Среди всей этой растерянности лишь сексуальные фантазии напоминали мне о существовании другого мира, в котором я могу укрыться. Секс появился в моем сознании не как нечто, объединяющее двух людей, а как грезы одиночки. Когда я научился читать, в моей голове появилась озвучивающая буквы машинка, теперь же я обзавелся машинкой другого рода — с поразительной бесцеремонностью она при любом удобном случае начинала создавать самую что ни на есть подробную сексуальную фантазию. Для этой машинки не было ничего святого — в ее жернова попадали все мои знакомые, все девушки с фотографий в газетах и журналах. Почувствовав, что фантазия достигла уже нестерпимой яркости, я запирался в своей комнате.
Позже, охваченный раскаянием, я вспоминал один разговор, состоявшийся еще в средней школе между мной и двумя моими одноклассниками, один из которых страдал лишним весом, а другой заикался. «Ты когда-нибудь делал это?» — запинаясь, спросил меня заика. Да, я начал делать это еще в средней школе, но вопрос так меня смутил, что мое неразборчивое бормотание в ответ можно было расценить и как «нет», и как «да». «Ни за что не делай! — прошептал заика, раскрасневшись от волнения при мысли о том, что такой умный, послушный и прилежный мальчик, как я, может пасть так низко. — Онанизм — ужасная привычка, один раз попробовал — уже не остановишься!» Тут я поймал полный тоски взгляд своего толстого приятеля — выражение его лица ясно говорило о том, что он тоже пристрастился к этому постыдному занятию как к наркотику и теперь уверен, что жизнь его погублена, но уже покорился этой ужасной неизбежности и смирился с ней, как смирился со своим ожирением.
Вспоминая те годы, я думаю и о другой привычке, обременявшей меня тем же чувством вины и одиночества; не избавился я от нее и позже, поступив на архитектурный факультет Технического университета. Собственно говоря, привычка прогуливать занятия — а я говорю именно о ней — появилась у меня еще в начальной школе.
Тогда, в начальных классах, я прогуливал уроки потому, что мне было скучно в школе, потому, что стеснялся каких-то своих недостатков, которых никто, кроме меня самого, не замечал, или же потому, что в этот день нам должны были делать прививки.

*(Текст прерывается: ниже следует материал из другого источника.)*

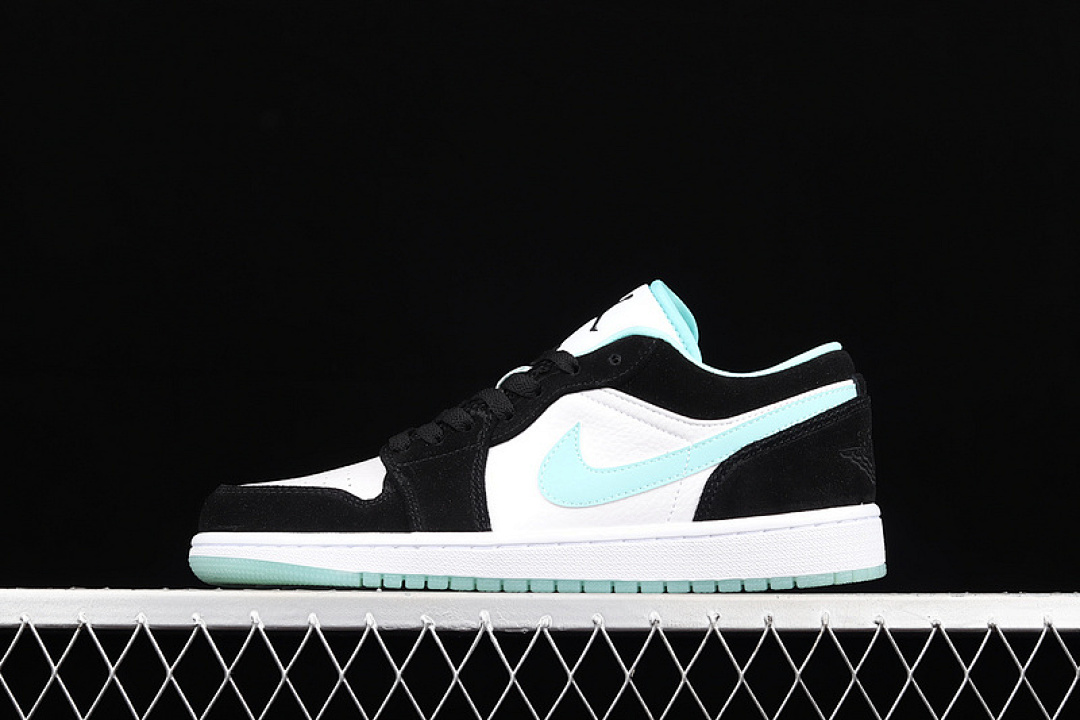Jordan [CQ9828-131]-[AIR JORDAN 1 LOW WHITE/BLACK/ISLAND GREEN]-[WOMAN:36-39]-[MAN:40-46], photo 1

Причины прогулов могли и не иметь отношения собственно к школе: иногда я не хотел идти на уроки из-за того, что опять поссорились родители, или из-за того, что отвык от школы, пока болел (в это время все ласкали меня и баловали), или просто-напросто из-за своей лени и безответственности. Предлогами увильнуть от занятий могли стать невыученное стихотворение, желание избежать встречи с невзлюбившим меня хулиганом-одноклассником (в средней школе), печаль, тоска или «экзистенциальный кризис» (в лицее и университете). Я мог порой позволить себе не ходить в школу, потому что был домашним любимцем. Когда брат уходил и я оставался наедине с мамой, я мог спокойно заниматься своими любимыми делами; кроме того, я давно уже понял, что учиться так же хорошо, как брат, все равно никогда не смогу. Но за всеми этими причинами скрывалась другая, главная, каким-то образом связанная с моей печалью.

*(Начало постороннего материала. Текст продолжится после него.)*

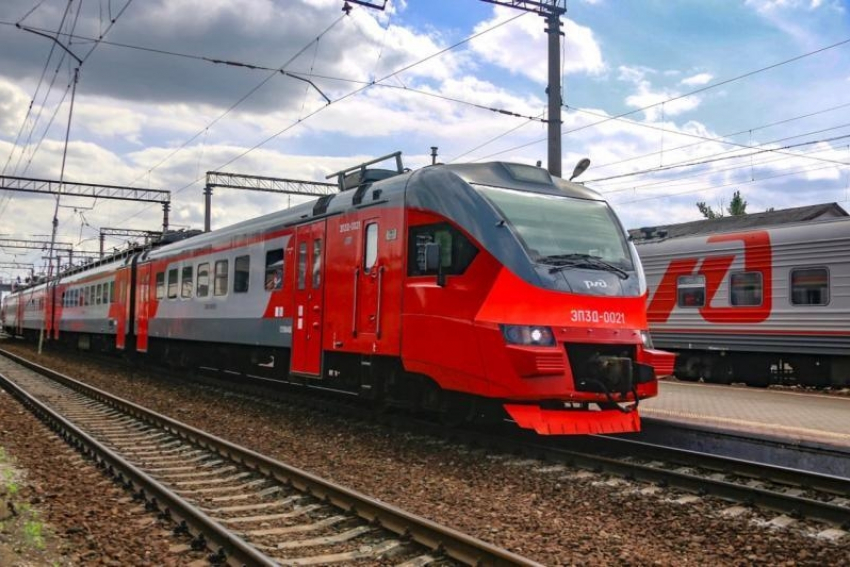 Расписание электрички, проходящей через Шахты, изменено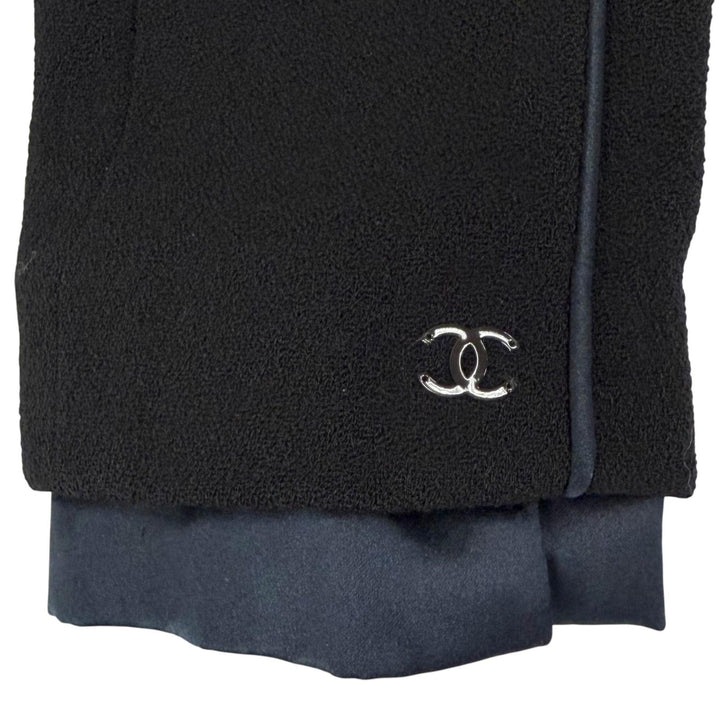Great CHANEL Jacket COCO Mark satin piping black wool Women 40 02A P19727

После того как деньги, оставленные дедушкой, подошли к концу, папа подыскал себе работу в Женеве, куда и уехал вместе с мамой. Той зимой (мне было восемь лет), оставшись на попечении чересчур добросердечной бабушки, я и начал прогуливать занятия. Происходило это так: когда утром, как всегда, в дверь звонил швейцар Исмаил-эфенди, отводивший нас в школу, и брат с портфелем в руке уже готов был выйти на улицу, я придумывал какой-нибудь предлог для задержки: не успел собрать портфель, забыл взять с собой что-то важное (кстати, может быть, бабушка даст мне немного денег?) и вообще — у меня болит живот, не успели высохнуть ботинки и рубашка грязная, нужно надеть другую. Брат терпеть не мог опаздывать; прекрасно понимая, чего я добиваюсь, он говорил: «Пошли, Исмаил. Потом вернешься и отведешь Орхана».
До нашей школы идти было минуты четыре, так что когда Исмаил-эфенди возвращался за мной, первый урок уже должен был вот-вот начаться. Я снова принимался тянуть время, винил кого-нибудь в том, что не готов к занятиям, или притворялся, будто у меня так болит живот, что не я слышу, как швейцар звонит в дверь. От волнения за исход проделки и еще из-за отвратительного, горячего и вонючего кипяченого молока, которым меня поили каждое утро, у меня и в самом деле начинало немного ныть в животе. Наконец мягкосердечная бабушка сдавалась.
«Ладно, Исмаил, — говорила она, — уже поздно, звонок давно прозвенел, пусть уж он останется сегодня дома». Потом, нахмурившись, она обращалась ко мне: «Но смотри, завтра ты точно пойдешь в школу, слышишь? Если не пойдешь, я вызову полицию. И напишу родителям, как ты себя ведешь!»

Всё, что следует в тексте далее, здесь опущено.